Marine Corps Career 
Talleri entered the United States Marine Corps in 1979 as a Second Lieutenant. During his military career, Major General Talleri commanded and led logistics units from the platoon to national level; across the full range of combat and joint operational capabilities.  He also held critical staff positions at the U. S. Central Command (CENTCOM) and the United States Marine Forces Central Command. While at CENTCOM, he was responsible for the information technology logistical planning efforts during Operation Iraqi Freedom and Operation Enduring Freedom. This included providing operational plans to ensure that total asset visibility was accomplished during the war. Operation Iraqi Freedom was the first time "Active RFID" was used on a strategic scale.

Private Sector Career 
Talleri is currently President at Peter J. Talleri & Associates, and a strategic advisor with Stellar Solutions, HDT Global, and BlackBerry.

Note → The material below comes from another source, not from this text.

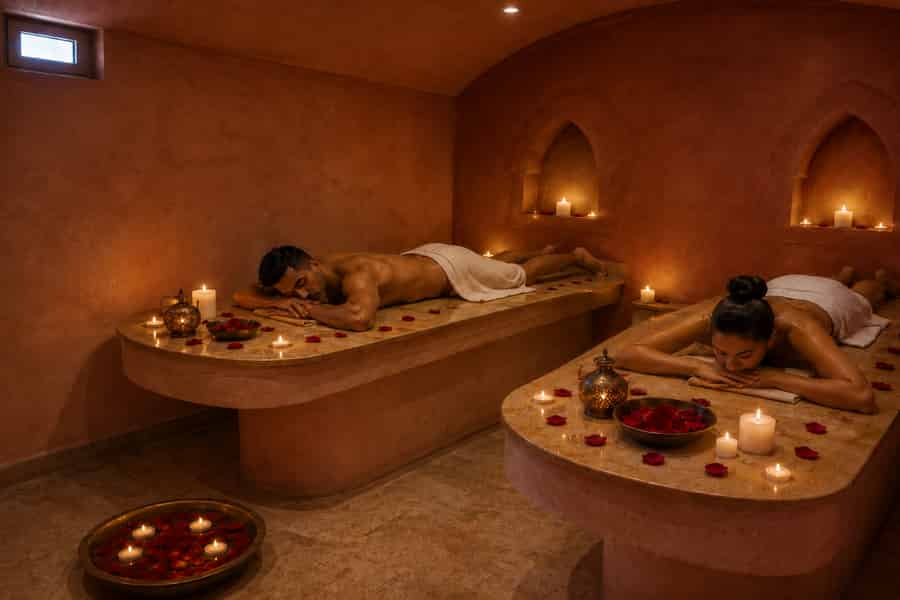 Marrakesch: Hammam Spa- & Massage-Erlebnis + Hotel-Transfer. Foto: GetYourGuide Marrakesch: Hammam Spa- & Massage-Erlebnis + Hotel-Transfer. Foto: GetYourGuide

He is also on the board of directors at the Clarion University Foundation, Airborne Motorworks and DiviUp.

Education 
Talleri is a 1975 graduate of Butler Area Senior High School. He received his bachelor's degree in business management from Clarion State College in Clarion, PA in 1979 and is currently a member of the Clarion University Foundation Board.  Talleri earned his first master's degree in business management from Florida Institute of Technology in Melbourne, Florida in 1994.  He earned another master's degree in national resource strategy from the Industrial College of the Armed Forces in Washington D.C. in 2001.

Awards 
Maj. Gen. Talleri has earned the Navy Distinguished Service Medal, the Defense Superior Service Medal (two awards), the Legion of Merit (two awards), the Defense Meritorious Service Medal, the Meritorious Service Medal (three awards), the Navy and Marine Corps Commendation Medal (three awards), the Joint Service Achievement Medal, the Navy and Marine Corps Achievement Medal, the Iraq Campaign Medal, the Armed Forces Expeditionary Medal, the Humanitarian Service Medal, the Afghanistan Campaign Medal, the National Defense Service Medal with bronze star, the Global War on Terrorism Expeditionary Medal with bronze star, the Global War on Terrorism Service Medal, the Joint Meritorious Unit Award, the Navy Meritorious Unit Commendation, the Navy Unit Commendation, the Sea Service Deployment Ribbon, the Navy and Marine Corps Overseas Service Ribbon, the Korean Defense Service Medal, and the Marine Corps Recruiting Service Ribbon.   In 2008, the Clarion University Alumni Association presented him with the Distinguished Achievement Award.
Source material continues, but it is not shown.